┌──

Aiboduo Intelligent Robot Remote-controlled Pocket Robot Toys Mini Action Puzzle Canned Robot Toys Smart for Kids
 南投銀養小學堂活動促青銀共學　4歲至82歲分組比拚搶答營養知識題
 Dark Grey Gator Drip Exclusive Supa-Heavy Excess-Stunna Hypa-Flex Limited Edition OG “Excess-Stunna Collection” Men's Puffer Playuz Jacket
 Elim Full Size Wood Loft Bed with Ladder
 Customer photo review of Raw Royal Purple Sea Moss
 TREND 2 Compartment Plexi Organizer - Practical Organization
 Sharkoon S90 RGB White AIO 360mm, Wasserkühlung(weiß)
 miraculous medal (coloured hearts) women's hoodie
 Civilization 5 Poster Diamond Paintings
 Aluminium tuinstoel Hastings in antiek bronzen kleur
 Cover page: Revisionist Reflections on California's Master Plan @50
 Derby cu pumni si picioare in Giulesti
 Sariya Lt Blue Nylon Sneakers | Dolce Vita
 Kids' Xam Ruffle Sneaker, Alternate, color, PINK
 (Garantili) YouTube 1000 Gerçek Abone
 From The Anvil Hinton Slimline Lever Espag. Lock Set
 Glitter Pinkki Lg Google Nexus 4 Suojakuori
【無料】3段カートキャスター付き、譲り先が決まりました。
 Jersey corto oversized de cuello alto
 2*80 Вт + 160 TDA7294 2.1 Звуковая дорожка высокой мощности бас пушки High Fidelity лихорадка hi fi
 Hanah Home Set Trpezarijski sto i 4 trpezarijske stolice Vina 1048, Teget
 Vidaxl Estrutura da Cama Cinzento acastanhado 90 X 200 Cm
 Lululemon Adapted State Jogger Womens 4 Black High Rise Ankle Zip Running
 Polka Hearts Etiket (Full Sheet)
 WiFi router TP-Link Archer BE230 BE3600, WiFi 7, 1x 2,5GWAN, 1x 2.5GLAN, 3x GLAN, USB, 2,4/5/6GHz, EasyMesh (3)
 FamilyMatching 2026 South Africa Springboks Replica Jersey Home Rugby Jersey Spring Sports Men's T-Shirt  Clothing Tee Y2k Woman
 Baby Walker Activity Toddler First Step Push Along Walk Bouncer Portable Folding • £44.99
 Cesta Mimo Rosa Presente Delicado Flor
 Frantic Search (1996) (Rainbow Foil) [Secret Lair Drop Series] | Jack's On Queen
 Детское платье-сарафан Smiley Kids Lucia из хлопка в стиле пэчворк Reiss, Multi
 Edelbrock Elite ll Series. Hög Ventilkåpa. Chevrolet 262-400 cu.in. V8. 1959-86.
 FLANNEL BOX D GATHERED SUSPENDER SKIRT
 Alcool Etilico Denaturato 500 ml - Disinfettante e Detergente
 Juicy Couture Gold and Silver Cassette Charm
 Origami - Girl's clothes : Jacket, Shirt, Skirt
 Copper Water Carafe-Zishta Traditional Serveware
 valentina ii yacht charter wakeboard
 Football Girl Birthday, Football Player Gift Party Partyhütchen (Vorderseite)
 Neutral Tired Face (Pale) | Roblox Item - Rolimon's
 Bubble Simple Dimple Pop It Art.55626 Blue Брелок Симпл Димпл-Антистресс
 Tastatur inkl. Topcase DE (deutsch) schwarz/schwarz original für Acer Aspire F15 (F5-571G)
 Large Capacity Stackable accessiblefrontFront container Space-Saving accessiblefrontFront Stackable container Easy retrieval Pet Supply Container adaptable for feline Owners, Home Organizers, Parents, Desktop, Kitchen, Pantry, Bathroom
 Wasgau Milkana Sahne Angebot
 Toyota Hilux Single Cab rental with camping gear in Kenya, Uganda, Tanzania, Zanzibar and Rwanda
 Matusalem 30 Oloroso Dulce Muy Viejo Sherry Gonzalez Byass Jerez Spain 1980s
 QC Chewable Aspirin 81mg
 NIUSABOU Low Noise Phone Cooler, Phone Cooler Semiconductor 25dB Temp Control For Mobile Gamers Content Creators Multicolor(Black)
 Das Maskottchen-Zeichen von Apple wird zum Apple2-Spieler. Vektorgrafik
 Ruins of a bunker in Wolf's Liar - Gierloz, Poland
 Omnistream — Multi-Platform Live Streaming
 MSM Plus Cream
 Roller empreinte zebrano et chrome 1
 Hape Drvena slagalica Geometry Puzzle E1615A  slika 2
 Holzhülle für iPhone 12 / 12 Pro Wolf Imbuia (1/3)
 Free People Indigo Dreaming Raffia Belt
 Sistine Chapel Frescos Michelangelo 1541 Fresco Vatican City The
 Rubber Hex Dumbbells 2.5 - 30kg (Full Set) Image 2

└──

**Exercise aim**
Will you return exactly the lines above from the one with "FLANNEL BOX D GATHERED SUSPENDER SKIRT" down to the one with "valentina ii yacht charter wakeboard", counting both as part of the range?

**Finished task**
 FLANNEL BOX D GATHERED SUSPENDER SKIRT
 Alcool Etilico Denaturato 500 ml - Disinfettante e Detergente
 Juicy Couture Gold and Silver Cassette Charm
 Origami - Girl's clothes : Jacket, Shirt, Skirt
 Copper Water Carafe-Zishta Traditional Serveware
 valentina ii yacht charter wakeboard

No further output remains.